So the packets do reach from VPN in to the router on 'tun0' interface, but replies never get routed properly back to 'tun0' interface.

I can see traffic from VPNed clients in to the router but nothing get returned.

I told the WPS LED to blink green on incoming VPN traffic and blink yellow on outgoing VPN traffic.
And so.... it flashes green and does not flashes yellow!

If i pull the log in page of the router from the VPNed client... LED lids up blinking green/yellow just as expected.

That's what leads me to believe internal routing (ether by OepenWRT OS or by OpenVPN server) is not configured properly. And this is where I get stuck and can't figure out why traffic does not get's passed back to VPN.

Yes, smile there is a list push 'route 192.168.0.0 255.255.255.0' directive in openvpn config.

One of the million guides I read suggested that in CC 15.05, there should not be a "list" option and the directive should be just: push "route ....."

Is that right? is it not? should there be a single quotes '' or double "" ?! There is no consensus or clarity... just a mess in my head at this point. ;(

Now, I hear what you are saying about masquerading the return traffic.... but I don't think i know how to do this.. sad

(Last edited by SoCal_sky on 27 Oct 2015, 23:31)

You can masquerade with

iptables -t nat -I POSTROUTING -o tun0 -j MASQUERADE 

Hello Mr. "jow".
Thank you for your guidance.
I have added instructions you provided for iptables. I used /etc/firewall.user file.
Restarted the router, restarted ddns daemon, got IP updated.

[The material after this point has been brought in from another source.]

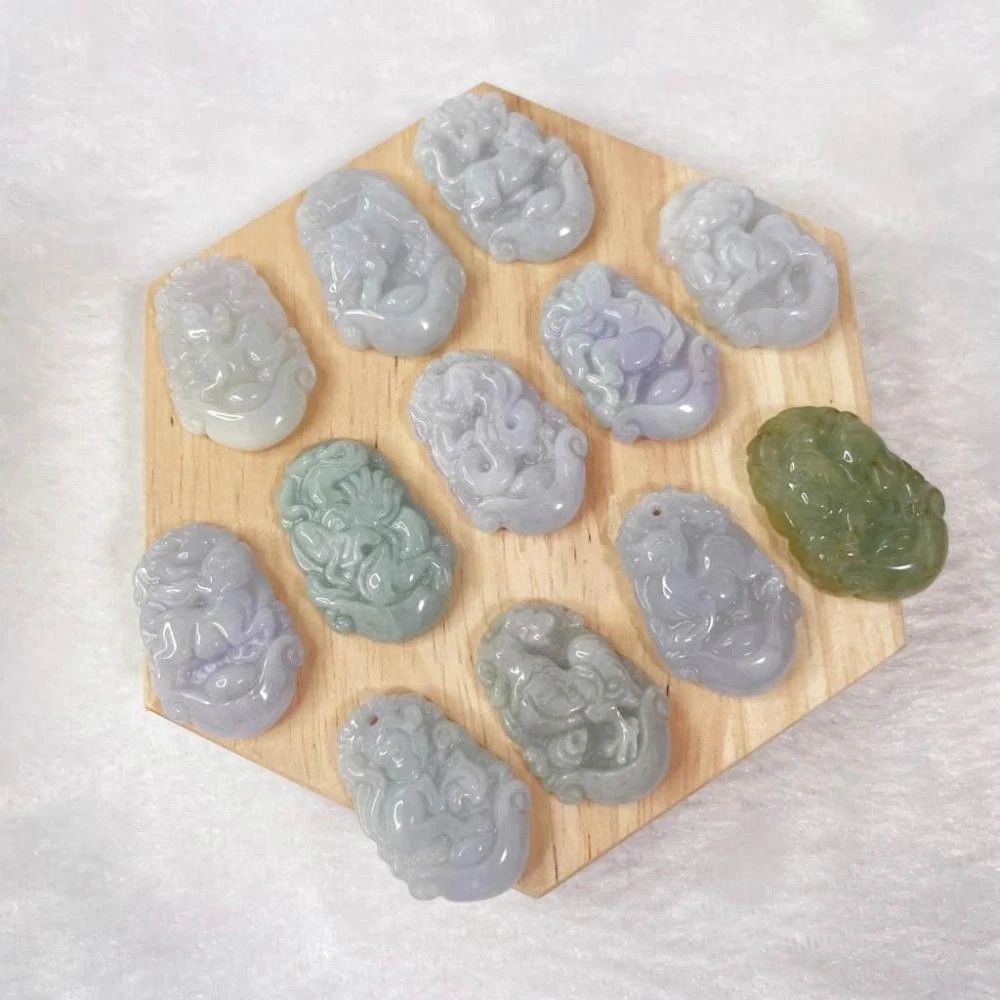 【玉我翡翠】十二生肖 翡翠小吊牌吊墜 禮物 鼠 牛 虎 兔 龍 蛇 馬 羊 猴 雞 狗 豬 緬甸A貨翡翠 玉我翡翠 1120116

The result: my iOS client comes through the firewall on the port I specified, get's forwarded to OpenVPN server;

OpenVPN server assigns the IP from 10.0.8.xx subnet address to the client;

From that point I can see incoming traffic (requests from the iOS) coming through to a tun0 interface, but in return - silence... nothing gets routed back to the VPN client.

If I pull the internal privet web interface of the router (192.168.0.1) using the remote host connect via vpn (in this case my phone with iOS Safari browser) I can log in to the routers WEB-GUI and when that takes place - I can see traffic flowing both ways just as expected. 

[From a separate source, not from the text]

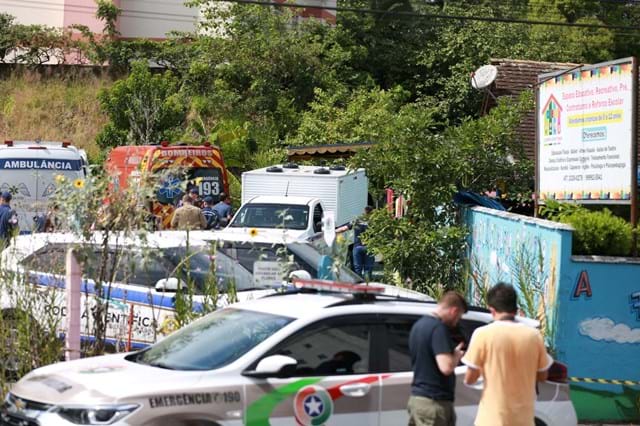 Brasil homem invade creche machado e mata quatro crianças Mundo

Could I confirm with you one more time...

I have not done any config changes to the /etc/config/firewall and /etc/firewall.user other than:
1. opened one port on WAN to let the VPN client to connect to OpenVPN server
2. the custom instructions for the iptables:

iptables -I FORWARD -i tun+ -j ACCEPT
iptables -I FORWARD -o tun+ -j ACCEPT
iptables -t nat -I POSTROUTING -o tun+ -j MASQUERADE


Was I supposed to do anything else?

According to this guide: http://wiki.openwrt.org/inbox/vpn.howto there is more instructions should be added, and there is a hardcoded reference to the port used by the client to come-in through the WAN. 
Those seem to be applicable to much older vertion of OpenWRT OS ( Backfire" 10.03.1 ) and i'm not sure if they are still applicable to the current CC 15.05.

Could you please advise and suggest what other config changes should I make to get this working.

Thank you Sir for you time.

(Last edited by SoCal_sky on 29 Oct 2015, 11:18)

After looking in to this issue more and modifying ip tables instructions in /etc/firewall.user to:
Assuming:
tun0 - is an interface assigned to a OpenVPN instance;
eth0.1 - is an interface assigned to a LAN


iptables -A INPUT -p tcp –dport 1194 -j ACCEPT
iptables -A INPUT -i tun+ -j ACCEPT
iptables -A FORWARD -i tun+ -j ACCEPT
iptables -A FORWARD -i tun0 -o eth0.1 -j ACCEPT
iptables -A FORWARD -i eth0.1 -o tun0 -j ACCEPT
iptables -t nat -A POSTROUTING -s 10.8.0.0/24 -o eth0.1 -j MASQUERADE

... routing from tun0 to internal LAN still not working.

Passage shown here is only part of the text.